Would you print the lines below exactly, beginning at the line that has "Waygate Krautkramer Ultrasonic" and stopping after the line that has "thumbnail of Double"? Only those lines, and no pictures.

### Task inputs

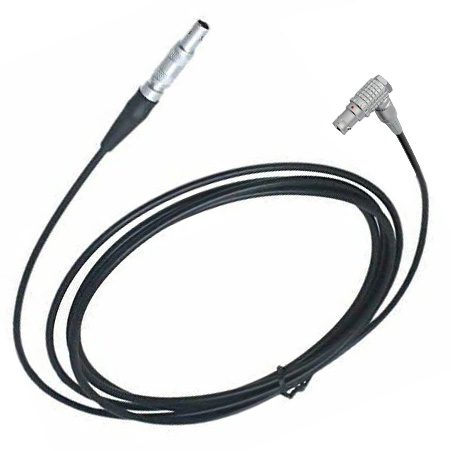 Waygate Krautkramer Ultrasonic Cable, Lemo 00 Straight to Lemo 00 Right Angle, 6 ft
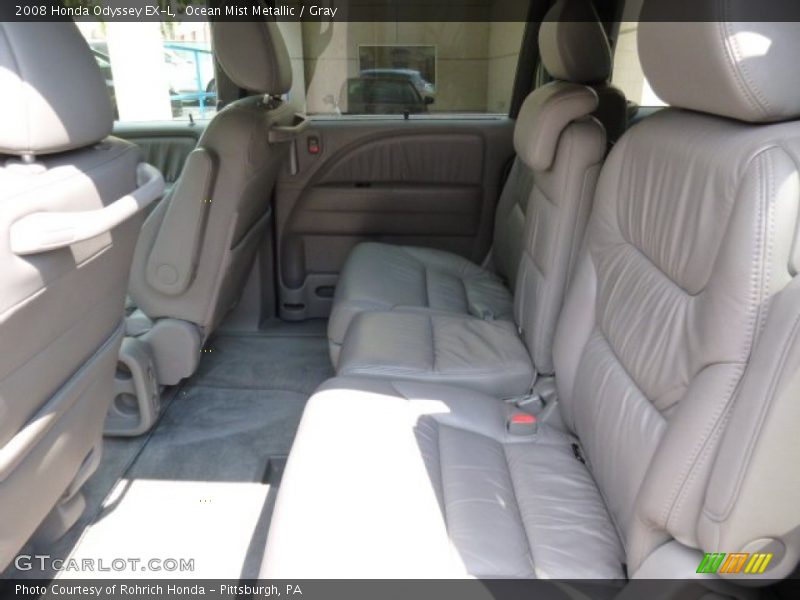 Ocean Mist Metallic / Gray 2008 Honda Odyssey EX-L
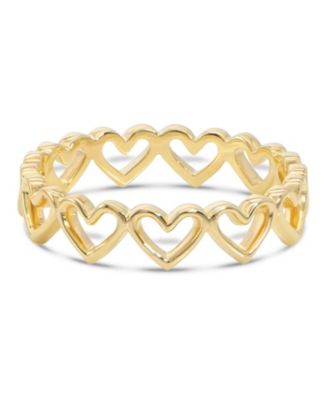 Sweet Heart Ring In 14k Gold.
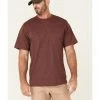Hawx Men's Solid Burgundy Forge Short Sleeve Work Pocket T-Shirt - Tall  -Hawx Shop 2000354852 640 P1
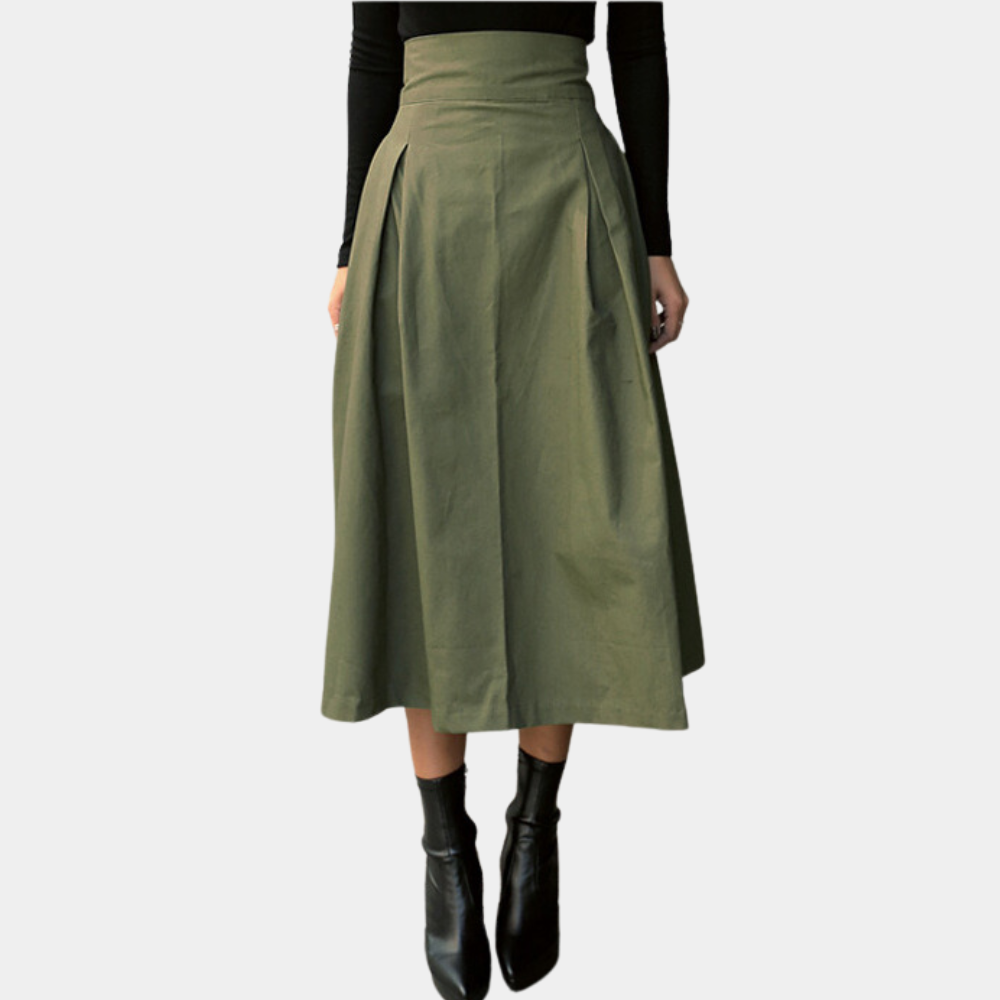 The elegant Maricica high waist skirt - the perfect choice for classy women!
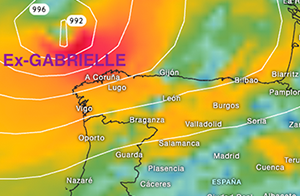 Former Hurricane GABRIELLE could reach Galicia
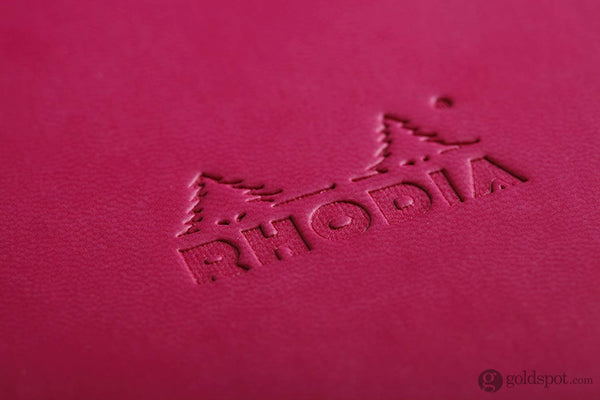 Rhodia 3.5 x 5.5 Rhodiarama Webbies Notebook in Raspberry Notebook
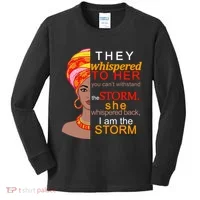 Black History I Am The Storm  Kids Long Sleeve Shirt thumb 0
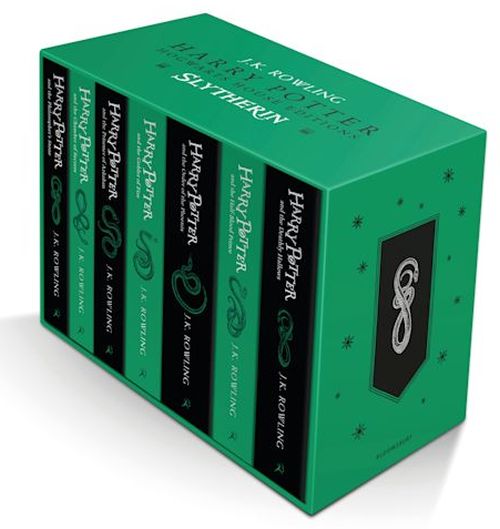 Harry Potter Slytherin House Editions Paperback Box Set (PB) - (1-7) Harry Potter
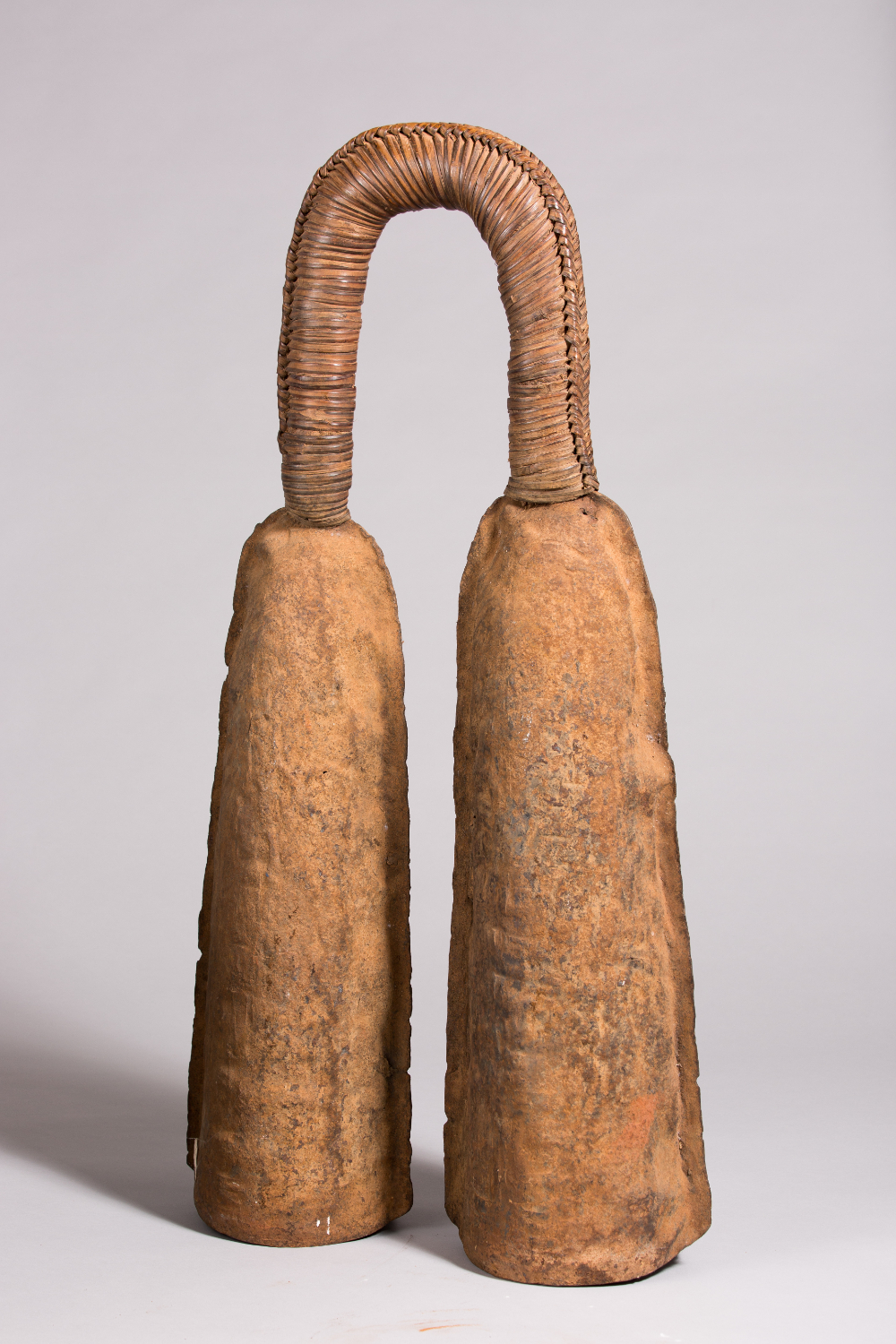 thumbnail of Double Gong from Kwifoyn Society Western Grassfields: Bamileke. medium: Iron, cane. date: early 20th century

######
### Task inputs

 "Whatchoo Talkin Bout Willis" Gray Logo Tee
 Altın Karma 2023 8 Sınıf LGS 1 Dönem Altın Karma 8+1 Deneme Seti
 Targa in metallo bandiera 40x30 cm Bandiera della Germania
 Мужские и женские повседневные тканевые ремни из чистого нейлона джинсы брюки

######

* Exercise result *
 Waygate Krautkramer Ultrasonic Cable, Lemo 00 Straight to Lemo 00 Right Angle, 6 ft
 Ocean Mist Metallic / Gray 2008 Honda Odyssey EX-L
 Sweet Heart Ring In 14k Gold.
Hawx Men's Solid Burgundy Forge Short Sleeve Work Pocket T-Shirt - Tall  -Hawx Shop 2000354852 640 P1
 The elegant Maricica high waist skirt - the perfect choice for classy women!
 Former Hurricane GABRIELLE could reach Galicia
 Rhodia 3.5 x 5.5 Rhodiarama Webbies Notebook in Raspberry Notebook
 Black History I Am The Storm  Kids Long Sleeve Shirt thumb 0
 Harry Potter Slytherin House Editions Paperback Box Set (PB) - (1-7) Harry Potter
 thumbnail of Double Gong from Kwifoyn Society Western Grassfields: Bamileke. medium: Iron, cane. date: early 20th century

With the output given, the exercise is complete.